The film takes place a decade after the events of X-Men: Days of Future Past. It follows Magneto (Michael Fassbender), Mystique (Jennifer Lawrence), and Charles Xavier (James McAvoy) and quickly brings the viewer up to speed with what each character has been doing since the last film. Magneto is in hiding after publicly trying to kill the president and a bunch of people in Days of Future Past, Mystique is helping “save” mutants by rescuing them from underground mutant fights, and Xavier is doing what he does best, schooling mutants and teaching them how to use their powers for good while also sharing the world with normal humans. In Egypt the worlds oldest mutant (Apocalypse, played by Oscar Isaac) awakes from a hundred (thousand?) year slumber beneath the city. Apocalypse then assembles his four horsemen of the apocalypse (get it?) to take over the world and kill humans so that mutants can be the dominant race on the planet. Xavier and his X-Men take on Apocalypse because they believe that the world should be shared between mutants and humans.

With all of the superhero/comic book film we are inundated with every year, I did not think it was possible to make one with a more generic story.
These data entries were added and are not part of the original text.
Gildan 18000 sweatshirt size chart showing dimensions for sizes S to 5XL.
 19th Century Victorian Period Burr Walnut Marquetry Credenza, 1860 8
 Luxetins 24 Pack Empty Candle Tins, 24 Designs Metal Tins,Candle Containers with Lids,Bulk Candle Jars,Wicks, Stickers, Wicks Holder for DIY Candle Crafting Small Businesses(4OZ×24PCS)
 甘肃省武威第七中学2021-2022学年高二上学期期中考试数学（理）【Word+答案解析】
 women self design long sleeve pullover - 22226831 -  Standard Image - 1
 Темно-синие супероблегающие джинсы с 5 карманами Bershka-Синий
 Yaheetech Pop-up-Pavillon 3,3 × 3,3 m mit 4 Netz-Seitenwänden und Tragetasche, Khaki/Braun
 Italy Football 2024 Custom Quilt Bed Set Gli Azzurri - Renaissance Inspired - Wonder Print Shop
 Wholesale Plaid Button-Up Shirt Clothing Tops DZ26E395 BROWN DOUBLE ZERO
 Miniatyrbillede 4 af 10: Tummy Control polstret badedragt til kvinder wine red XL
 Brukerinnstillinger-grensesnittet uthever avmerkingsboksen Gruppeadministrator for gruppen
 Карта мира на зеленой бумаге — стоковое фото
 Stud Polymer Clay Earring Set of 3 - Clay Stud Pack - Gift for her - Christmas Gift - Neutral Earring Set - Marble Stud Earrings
This film takes all of the things that made the previous two films great and completely ignores them for cheap rehashes from the previous films. The previous films brought us antagonists who were less concerned with destroying the world and more focused on letting the world destroy itself. Apocalypse is different in that he literally sets off the bomb to  destroy humanity, and then shoots it into space. I guess this is because he wants to destroy humanity himself using the first four mutants he finds, and then rebuilt the world in his image. Instead of finding creative ways to incorporate the mutants into historical events, this film incorporates as much fan service as possible. They tried their hardest to recreate the Quicksilver scene from the first film, but with more lives on the line and significantly less humor. Theres even a Wolverine cameo that gets shoehorned into the middle of the film.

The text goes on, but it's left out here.